▶ _Exercise description_: Print the records below exactly, from the line containing "Laden Sie das" down to the line containing "Ohridská smlouva uznává", both lines included, and omit every picture.

▶ _Provided material_:
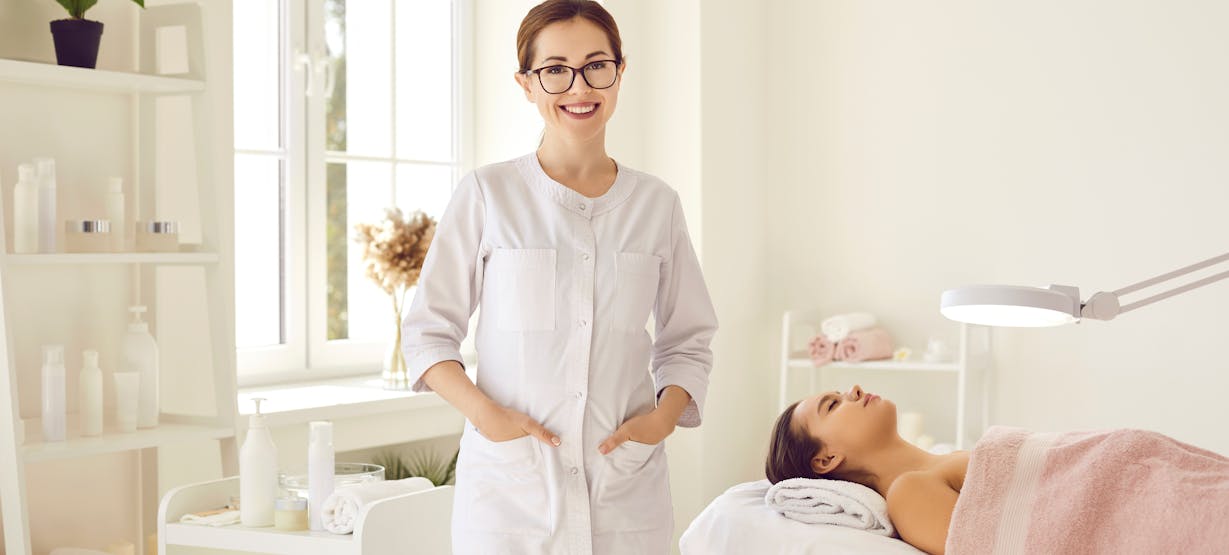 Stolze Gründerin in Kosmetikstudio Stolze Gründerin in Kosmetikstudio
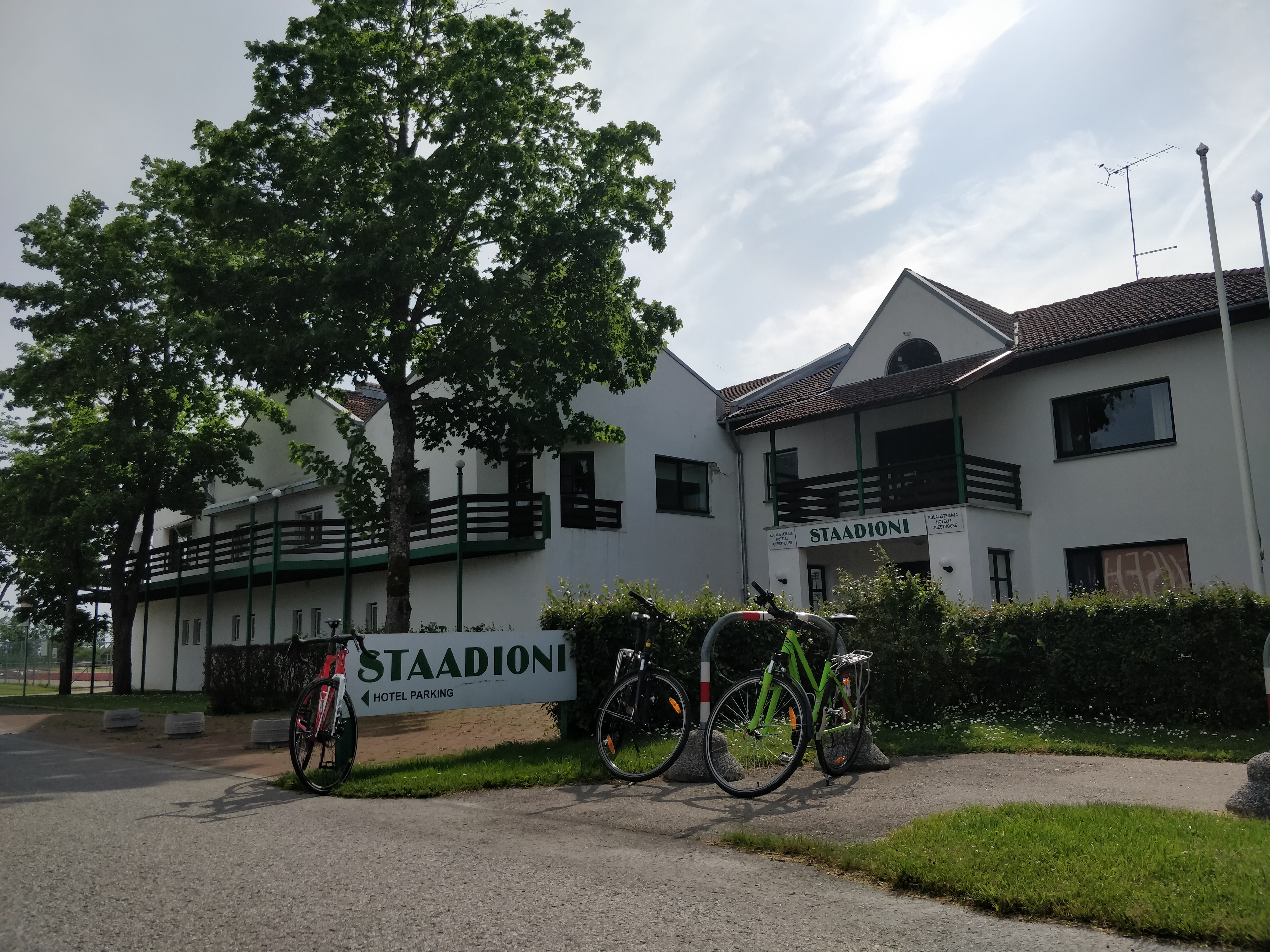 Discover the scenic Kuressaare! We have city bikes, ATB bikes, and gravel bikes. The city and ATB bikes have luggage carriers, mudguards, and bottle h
---
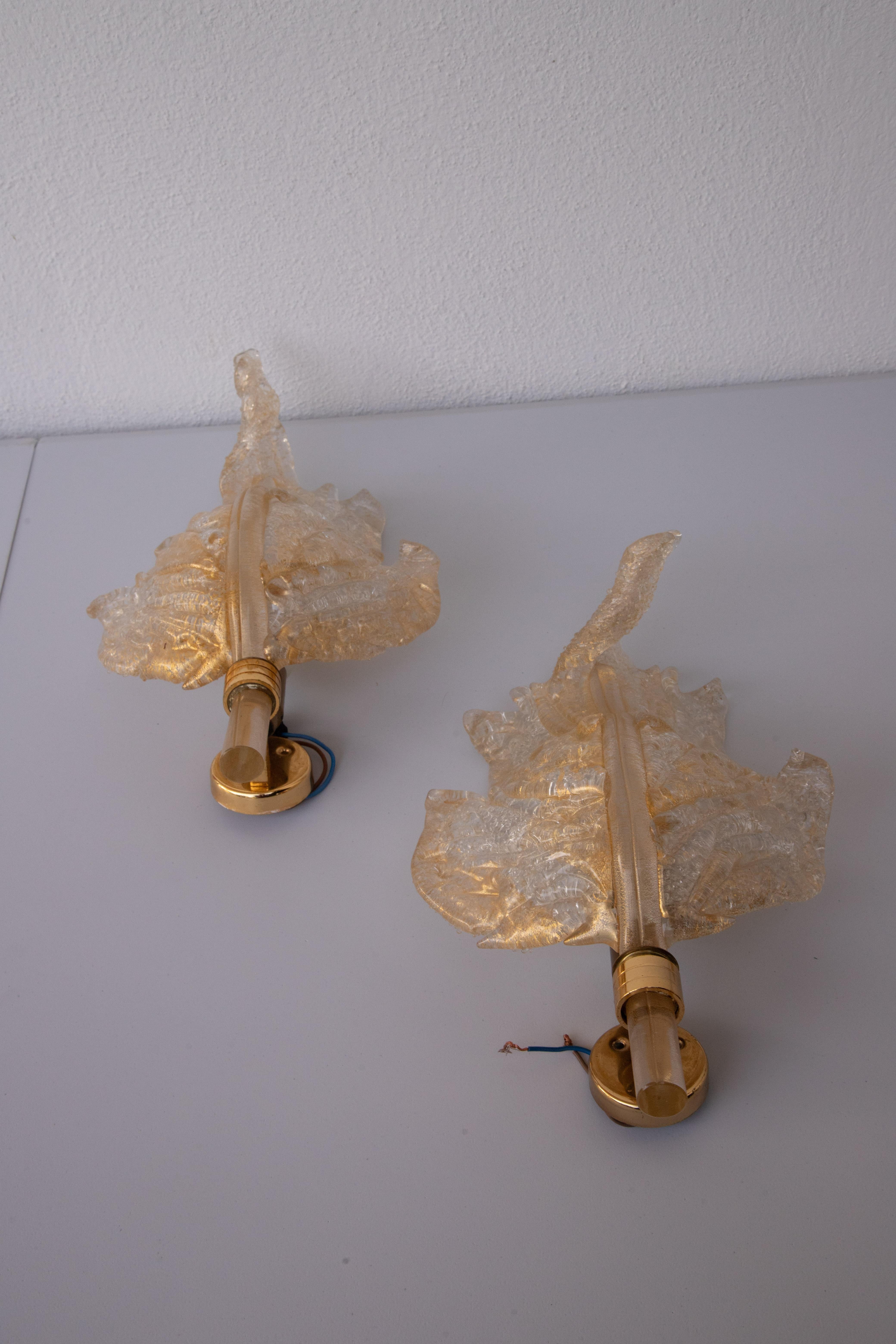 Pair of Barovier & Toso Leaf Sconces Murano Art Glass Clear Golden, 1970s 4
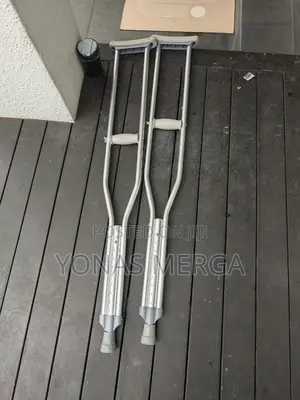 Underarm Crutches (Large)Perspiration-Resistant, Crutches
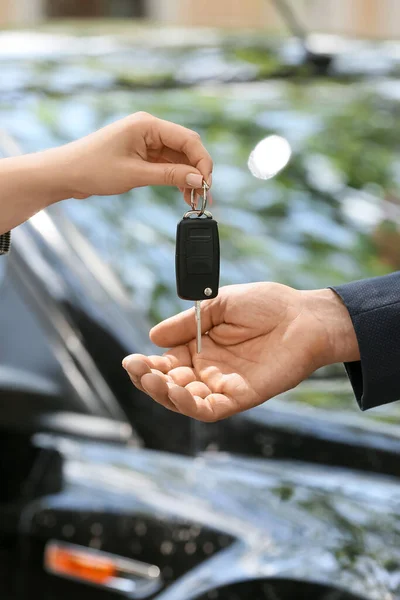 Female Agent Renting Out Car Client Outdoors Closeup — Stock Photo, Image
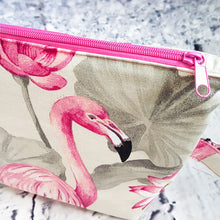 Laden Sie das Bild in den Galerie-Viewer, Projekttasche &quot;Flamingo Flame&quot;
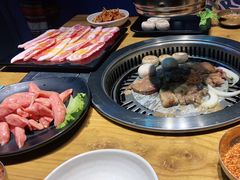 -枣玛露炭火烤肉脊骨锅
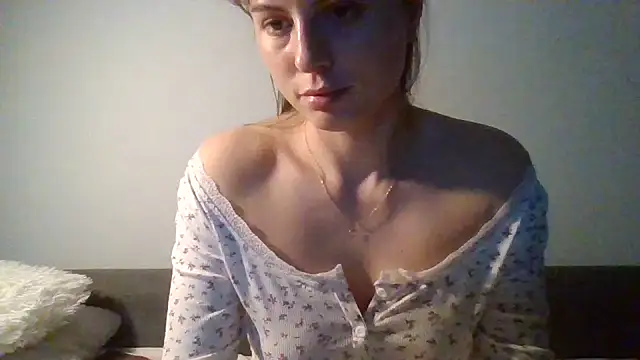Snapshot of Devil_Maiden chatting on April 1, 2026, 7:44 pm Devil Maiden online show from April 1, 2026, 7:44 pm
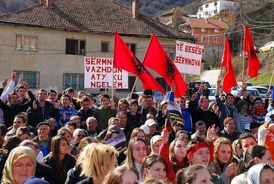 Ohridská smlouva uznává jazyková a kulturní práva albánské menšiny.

▶ _Worked solution_:
 Laden Sie das Bild in den Galerie-Viewer, Projekttasche &quot;Flamingo Flame&quot;
 -枣玛露炭火烤肉脊骨锅
Snapshot of Devil_Maiden chatting on April 1, 2026, 7:44 pm Devil Maiden online show from April 1, 2026, 7:44 pm
 Ohridská smlouva uznává jazyková a kulturní práva albánské menšiny.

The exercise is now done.